[Provided information — start]
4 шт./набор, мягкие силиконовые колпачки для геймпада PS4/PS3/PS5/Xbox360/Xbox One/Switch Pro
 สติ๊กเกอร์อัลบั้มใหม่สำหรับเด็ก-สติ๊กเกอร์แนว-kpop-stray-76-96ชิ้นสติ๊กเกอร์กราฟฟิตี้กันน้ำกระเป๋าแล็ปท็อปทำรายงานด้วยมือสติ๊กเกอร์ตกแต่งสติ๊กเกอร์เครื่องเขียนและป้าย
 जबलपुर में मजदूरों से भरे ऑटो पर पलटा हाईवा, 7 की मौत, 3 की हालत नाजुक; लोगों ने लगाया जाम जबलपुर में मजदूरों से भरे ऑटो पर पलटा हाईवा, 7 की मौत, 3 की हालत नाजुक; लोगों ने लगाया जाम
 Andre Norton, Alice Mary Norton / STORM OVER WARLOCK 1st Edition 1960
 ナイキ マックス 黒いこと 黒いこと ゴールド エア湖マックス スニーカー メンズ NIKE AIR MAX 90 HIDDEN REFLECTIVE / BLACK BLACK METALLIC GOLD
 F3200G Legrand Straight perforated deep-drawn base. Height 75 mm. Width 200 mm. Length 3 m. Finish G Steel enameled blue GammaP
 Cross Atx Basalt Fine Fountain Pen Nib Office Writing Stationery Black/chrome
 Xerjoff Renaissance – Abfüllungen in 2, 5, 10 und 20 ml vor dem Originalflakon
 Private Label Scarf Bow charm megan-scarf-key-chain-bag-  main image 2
[Provided information — finish]
Problem to solve
Recopy all the entries faithfully, leaving none out.

Exercise response
4 шт./набор, мягкие силиконовые колпачки для геймпада PS4/PS3/PS5/Xbox360/Xbox One/Switch Pro
 สติ๊กเกอร์อัลบั้มใหม่สำหรับเด็ก-สติ๊กเกอร์แนว-kpop-stray-76-96ชิ้นสติ๊กเกอร์กราฟฟิตี้กันน้ำกระเป๋าแล็ปท็อปทำรายงานด้วยมือสติ๊กเกอร์ตกแต่งสติ๊กเกอร์เครื่องเขียนและป้าย
 जबलपुर में मजदूरों से भरे ऑटो पर पलटा हाईवा, 7 की मौत, 3 की हालत नाजुक; लोगों ने लगाया जाम जबलपुर में मजदूरों से भरे ऑटो पर पलटा हाईवा, 7 की मौत, 3 की हालत नाजुक; लोगों ने लगाया जाम
 Andre Norton, Alice Mary Norton / STORM OVER WARLOCK 1st Edition 1960
 ナイキ マックス 黒いこと 黒いこと ゴールド エア湖マックス スニーカー メンズ NIKE AIR MAX 90 HIDDEN REFLECTIVE / BLACK BLACK METALLIC GOLD
 F3200G Legrand Straight perforated deep-drawn base. Height 75 mm. Width 200 mm. Length 3 m. Finish G Steel enameled blue GammaP
 Cross Atx Basalt Fine Fountain Pen Nib Office Writing Stationery Black/chrome
 Xerjoff Renaissance – Abfüllungen in 2, 5, 10 und 20 ml vor dem Originalflakon
 Private Label Scarf Bow charm megan-scarf-key-chain-bag-  main image 2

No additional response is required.